• [Instructions for the task]:
Give back each record precisely, pictures excluded.

--- START ---

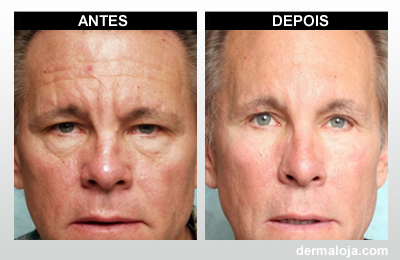 Microagulhamento com Dermaroller e Dermapen - Antes e depois rugas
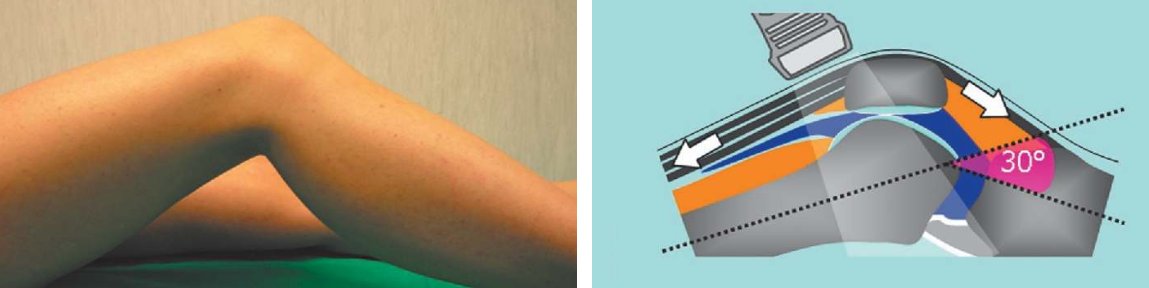 Musculoskeletal ultrasound: technical guidelines
Edited by The Ultrasound Subcommittee of the
European Society of Musculoskeletal Radiology (ESSR)

FREE PDF
Link: 
scispace.com/pdf/musculoske…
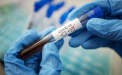 Ultima ora. Alte 107 cazuri de coronavirus, inregistrate in Republica Moldova. Bilantul se ridica la 9807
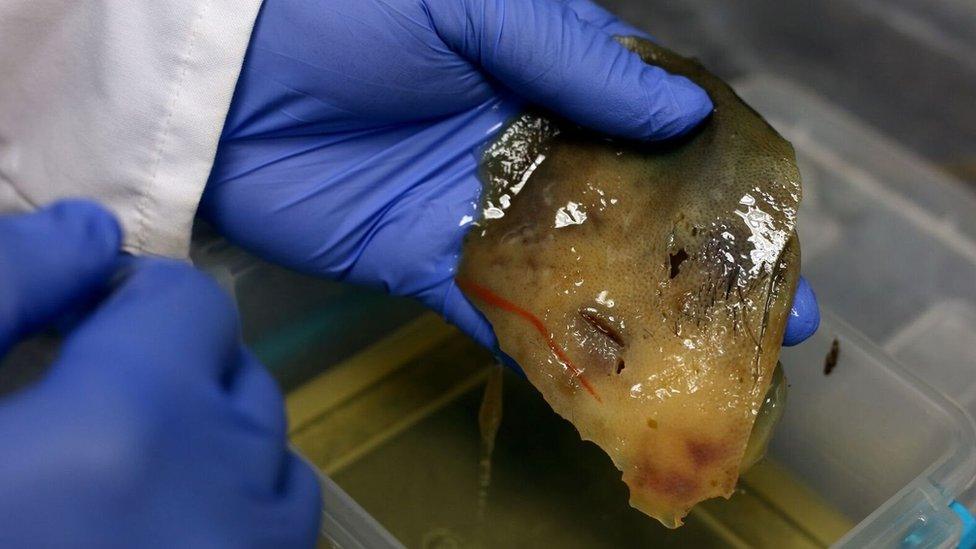 Dr Alejandro Hernández Cárdenas holds a piece of skin with a tattoo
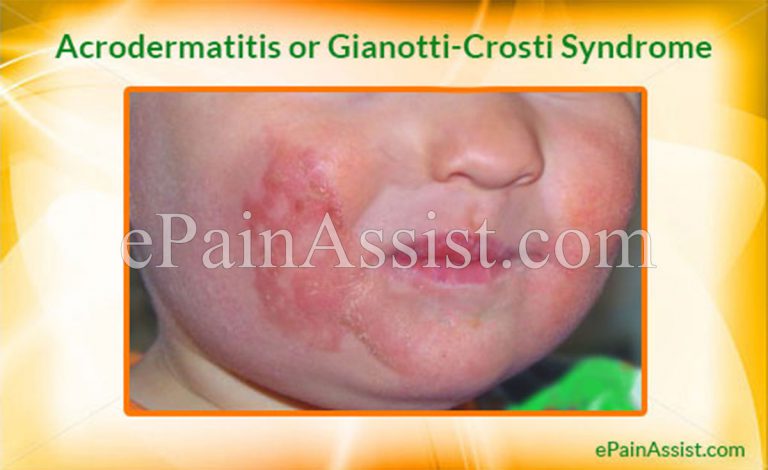 Acrodermatitis or Gianotti-Crosti Syndrome: Causes, Signs, Symptoms, Investigations, Treatment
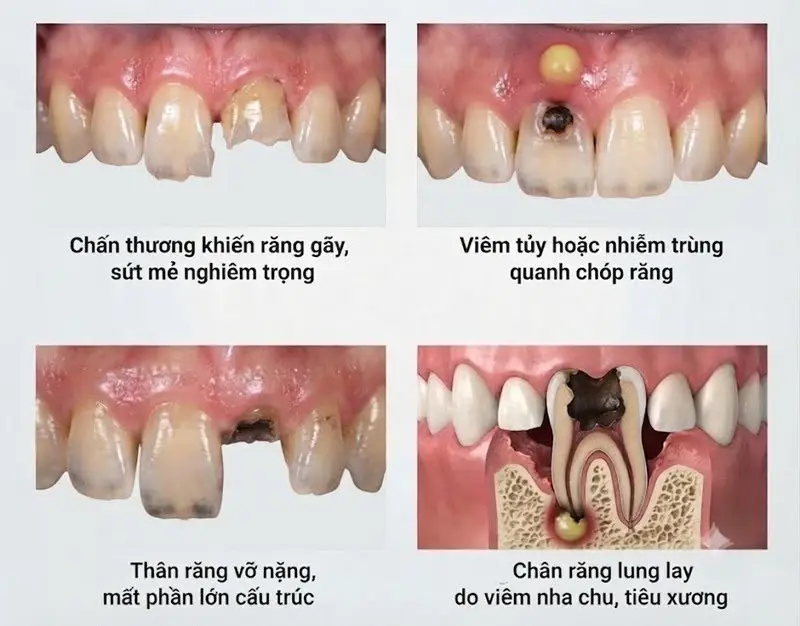 Các dấu hiệu cho thấy bạn nên cân nhắc trồng răng cửa hàm trên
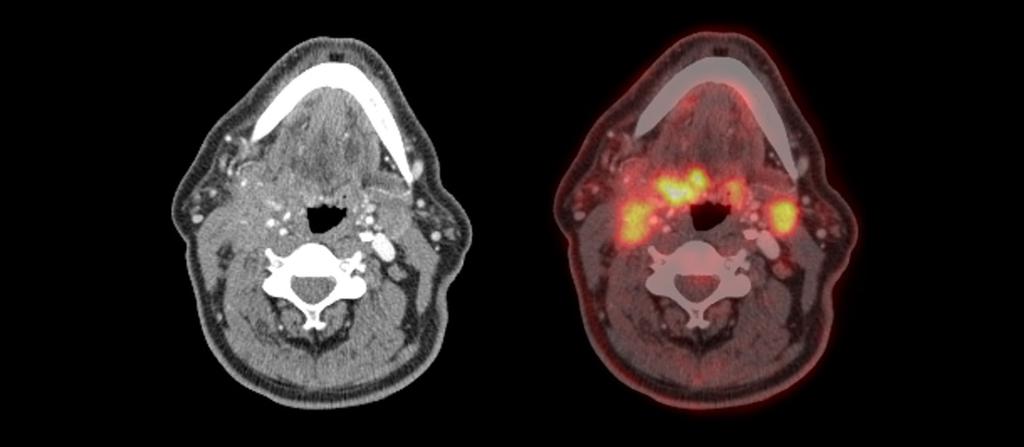 DIAGNOSTIKA Obrázek č. 1: FDG-PET/CT karcinom orofaryngu T4N2M0 (TNM, 8. vydání) Zdroj: Archiv autorky Obrázek č. 2: Karcinom nosohltanu T2N1M0 (TNM, 8.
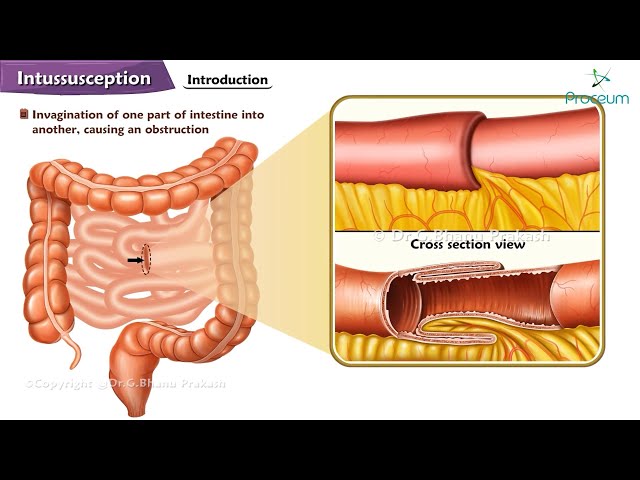 Балмұздақ жеу кезінде жыныстық қатынас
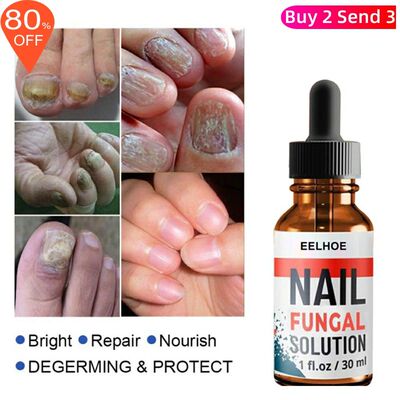 Foot Finger Liquid Anti Fungal Repair Serum Nail Removal Gel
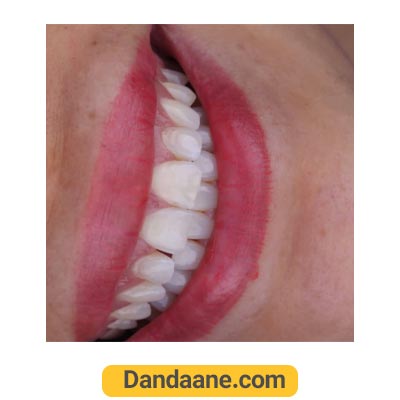 نمونه کار بعد لمینت دندان دکتر ماهور قربانی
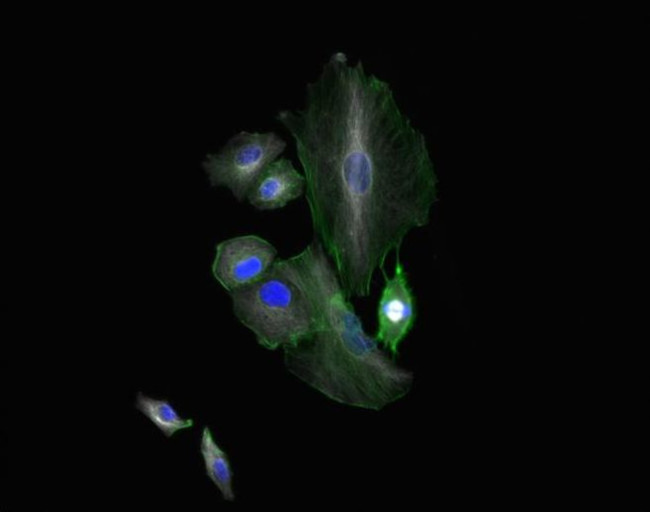 Chicken IgY (H+L) Cross-Adsorbed Secondary Antibody in Immunocytochemistry (ICC/IF)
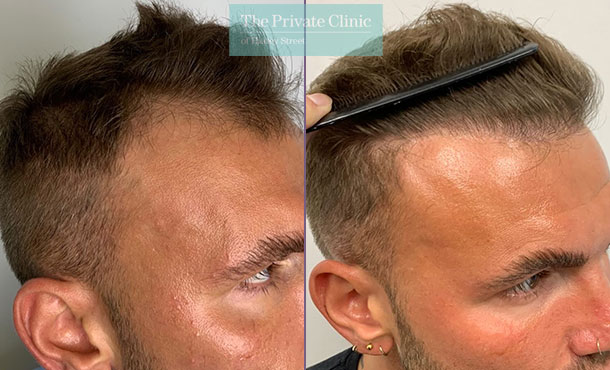 FUE Hair Transplant - 024FR-side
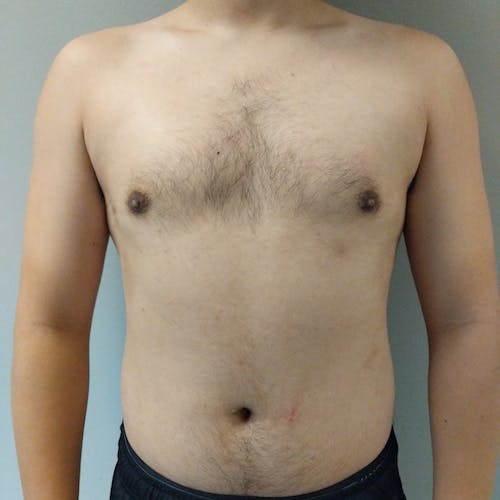 A shirtless person standing against a plain background, showing their chest and abdomen from the shoulders to the waist.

--- END ---

• [Answer area]:
 Microagulhamento com Dermaroller e Dermapen - Antes e depois rugas
 Musculoskeletal ultrasound: technical guidelines
Edited by The Ultrasound Subcommittee of the
European Society of Musculoskeletal Radiology (ESSR)

FREE PDF
Link: 
scispace.com/pdf/musculoske…
 Ultima ora. Alte 107 cazuri de coronavirus, inregistrate in Republica Moldova. Bilantul se ridica la 9807
 Dr Alejandro Hernández Cárdenas holds a piece of skin with a tattoo
 Acrodermatitis or Gianotti-Crosti Syndrome: Causes, Signs, Symptoms, Investigations, Treatment
 Các dấu hiệu cho thấy bạn nên cân nhắc trồng răng cửa hàm trên
 DIAGNOSTIKA Obrázek č. 1: FDG-PET/CT karcinom orofaryngu T4N2M0 (TNM, 8. vydání) Zdroj: Archiv autorky Obrázek č. 2: Karcinom nosohltanu T2N1M0 (TNM, 8.
 Балмұздақ жеу кезінде жыныстық қатынас
 Foot Finger Liquid Anti Fungal Repair Serum Nail Removal Gel
 نمونه کار بعد لمینت دندان دکتر ماهور قربانی
 Chicken IgY (H+L) Cross-Adsorbed Secondary Antibody in Immunocytochemistry (ICC/IF)
 FUE Hair Transplant - 024FR-side
 A shirtless person standing against a plain background, showing their chest and abdomen from the shoulders to the waist.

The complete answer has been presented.